I know you have many concerns about this legislation. I understand your concerns. It is a massive law, and you would be foolish not to take an active interest in the new regulations as they are developed. We are proceeding to implement the provisions of Dodd-Frank as transparently and expeditiously as possible.

We are going beyond the normal steps that we use in the rulemaking process. We are holding roundtables to discuss issues, and documenting meetings between senior FDIC officials and outside parties that are related to Dodd-Frank implementation. In addition, we continue to discuss issues related to Dodd-Frank during the visits by the state banking delegations to the FDIC and at meetings of our Advisory Committee on Community Banking.

So you will continue to have many venues to provide feedback to us as implementation moves forward. And I want you to know that we're paying close attention to the potential impact of the law on community banks.

On March 10, we sent a letter to Federal Reserve Chairman Bernanke commenting on the proposed rule on debit-card interchange fees. We are extremely concerned that community banks may not actually receive the benefit of the interchange fee limit exemption explicitly provided by Congress. In the comment letter, we urged the Board to use its authority under the Electronic Fund Transfer Act to address the practical implications of the proposal. The proposed rule assumes the creation of a two-tiered interchange structure, and failure to maintain a two-tiered structure could result in a loss of income for community banks, and higher banking costs for your customers.

We also urged the Board to expand its survey methodology to gain information on the costs incurred by issuers of all asset sizes; to include costs associated with anti-fraud protection; and to revise its fee cap proposal as appropriate.

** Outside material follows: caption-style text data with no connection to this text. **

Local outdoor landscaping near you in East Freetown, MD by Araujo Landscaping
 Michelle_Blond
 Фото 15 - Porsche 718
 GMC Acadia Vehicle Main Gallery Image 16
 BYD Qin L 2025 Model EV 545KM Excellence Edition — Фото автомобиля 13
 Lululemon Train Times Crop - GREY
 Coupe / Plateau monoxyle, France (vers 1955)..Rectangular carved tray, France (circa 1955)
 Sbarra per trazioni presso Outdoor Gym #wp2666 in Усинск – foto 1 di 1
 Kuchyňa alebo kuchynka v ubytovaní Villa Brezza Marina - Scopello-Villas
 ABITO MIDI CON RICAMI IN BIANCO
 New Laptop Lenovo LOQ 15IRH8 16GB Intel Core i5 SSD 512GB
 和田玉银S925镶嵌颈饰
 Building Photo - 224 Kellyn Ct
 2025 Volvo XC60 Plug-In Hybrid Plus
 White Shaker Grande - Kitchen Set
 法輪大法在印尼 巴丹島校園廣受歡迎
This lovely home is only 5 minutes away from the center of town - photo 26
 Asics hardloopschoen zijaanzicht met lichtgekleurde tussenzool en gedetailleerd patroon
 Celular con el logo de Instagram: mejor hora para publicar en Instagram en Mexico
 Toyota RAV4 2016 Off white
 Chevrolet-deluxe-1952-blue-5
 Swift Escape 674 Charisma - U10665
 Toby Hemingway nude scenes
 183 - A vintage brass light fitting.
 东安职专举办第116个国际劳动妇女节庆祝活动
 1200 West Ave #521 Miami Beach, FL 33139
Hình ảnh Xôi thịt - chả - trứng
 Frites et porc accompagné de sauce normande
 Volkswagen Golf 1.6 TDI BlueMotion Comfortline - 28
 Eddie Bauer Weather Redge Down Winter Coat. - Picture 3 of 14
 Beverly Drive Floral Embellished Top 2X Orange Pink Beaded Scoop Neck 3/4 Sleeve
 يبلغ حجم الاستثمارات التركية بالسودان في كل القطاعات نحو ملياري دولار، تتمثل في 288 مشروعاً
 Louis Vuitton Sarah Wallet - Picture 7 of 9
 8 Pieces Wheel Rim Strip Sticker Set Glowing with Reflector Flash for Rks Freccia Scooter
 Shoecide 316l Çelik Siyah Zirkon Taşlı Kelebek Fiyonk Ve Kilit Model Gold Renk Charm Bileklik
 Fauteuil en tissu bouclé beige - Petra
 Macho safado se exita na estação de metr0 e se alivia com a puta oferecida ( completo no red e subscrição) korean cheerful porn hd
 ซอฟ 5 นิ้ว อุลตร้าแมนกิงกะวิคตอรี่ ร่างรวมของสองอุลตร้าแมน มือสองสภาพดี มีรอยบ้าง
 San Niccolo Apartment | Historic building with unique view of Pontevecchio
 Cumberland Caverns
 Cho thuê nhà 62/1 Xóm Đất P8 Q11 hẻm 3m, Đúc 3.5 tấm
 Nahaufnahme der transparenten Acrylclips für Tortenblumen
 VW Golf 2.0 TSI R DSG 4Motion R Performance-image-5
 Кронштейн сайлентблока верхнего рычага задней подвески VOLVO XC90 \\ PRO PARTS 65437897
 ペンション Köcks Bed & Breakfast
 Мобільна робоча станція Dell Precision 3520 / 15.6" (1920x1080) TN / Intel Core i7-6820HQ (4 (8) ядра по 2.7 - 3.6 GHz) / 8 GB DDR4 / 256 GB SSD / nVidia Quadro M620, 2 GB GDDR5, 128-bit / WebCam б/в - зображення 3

Your concerns about the potential impact of the interchange fee provision are well-founded, and we are working hard to assure that you receive the protection promised by the law. At the same time, I would ask you to maintain an open-mind about the potential positive benefits of the new consumer protection agency. Many of the fears I have heard expressed about this new agency are not well-founded.

On the contrary, I believe that this agency holds the promise of doing tremendous good by simplifying consumer rules and disclosures, reducing compliance costs for you and making products easier to understand for your customers. I also think this agency can help level your competitive playing field by applying much-needed regulation and enforcement to non-bank mortgage originators and other providers of consumer credit.

Banking has come a long way since the days when I used to accompany my father to Citizen's Bank every Friday afternoon. We have just come through the worst financial crisis and most severe recession since the 1930s. I know these are uncertain times for you, when the economic environment remains difficult, and the regulatory outlook seems unclear.

I ask you to continue our dialogue, and to work with us to get the details right on the regulatory reforms now underway. It is my hope and belief that public dissatisfaction with impersonal, model-driven banking will bring more customers back to those institutions which bank the old-fashioned way – to banks who know their customers and tend to their individual banking needs – to banks run by hands-on executives willing to take some time to explain to a six-year-old why all the depositors' money isn't sitting in the vault.

Community banking is the foundation of our economy. The future belongs to you, and it depends on you. That is why I am asking you to support the reforms that are needed to restore financial stability and lay the foundation for a stronger U.S. economy in the years ahead. Thank you."